Hi, I am using Avalanche to generate some benchmarks for evaluation. I would like to ask what is the correct way to evaluate continual learning strategies? In the Avalanche example,
strategy.eval() is called after every experience have completed training, but I think it is too late to track the rate of forgetting by then (for a SplitMNIST of 5 experiences we can only plot 5 evaluation data points).

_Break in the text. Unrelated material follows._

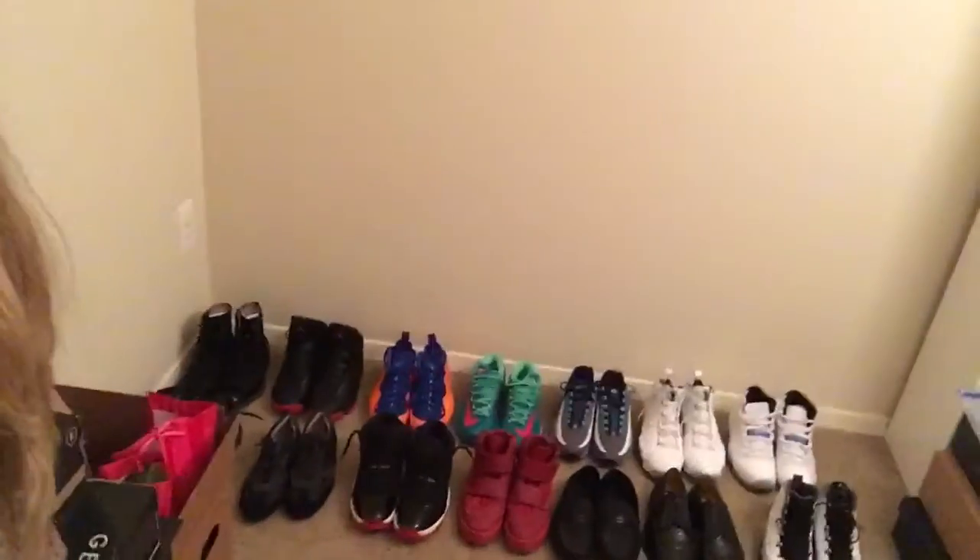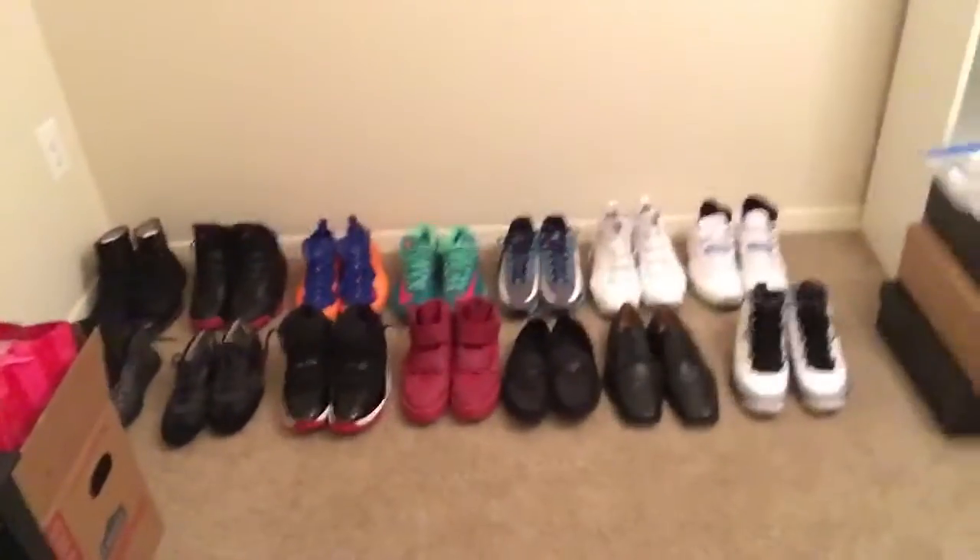I also have to add that because we are in the middle of a move, half of my shoes are already boxed up. While I'm at it, hubby has some of his shoes in here too — panning back over to mine now.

Within strategy.train(), we seem to be able to pass in
eval_every=1 to evaluate on every epoch, but we don’t seem to be passing in the
benchmark.test_stream. Is it evaluated on a train/test split of the
For context, I am training a
LeNet5 model using the
EWC strategy. What is perplexing is that the forgetting still seems catastrophic, even though
EWC is supposed to be a seminal paper. My results can be seen in this csv output:
eval_exp,training_exp,eval_accuracy,eval_loss,forgetting 0,0,0.9872,0.0360,0 1,0,0.0000,7.9937,0 2,0,0.0000,7.7202,0 3,0,0.0000,7.9421,0 4,0,0.0000,7.9862,0 0,1,0.0171,4.8538,0.9701 1,1,0.9864,0.0438,0 2,1,0.0000,9.3661,0 3,1,0.0000,8.1056,0 4,1,0.0000,8.0996,0 0,2,0.0000,7.0644,0.9872 1,2,0.0000,8.1437,0.9864 2,2,0.9975,0.0077,0 3,2,0.0000,7.0645,0 4,2,0.0000,6.7429,0 0,3,0.0000,7.6378,0.9872 1,3,0.0000,9.0269,0.9864 2,3,0.0000,5.3852,0.9975 3,3,0.9880,0.0295,0 4,3,0.0000,7.1526,0 0,4,0.0000,6.9717,0.9872 1,4,0.0005,6.8190,0.9859 2,4,0.0000,6.4735,0.9975 3,4,0.0000,5.3892,0.9880 4,4,0.9990,0.0043,0
As such, I want to trace the rate of forgetting for each minibatch iteration to see if it is because I am training it on too many iterations (causing overfitting).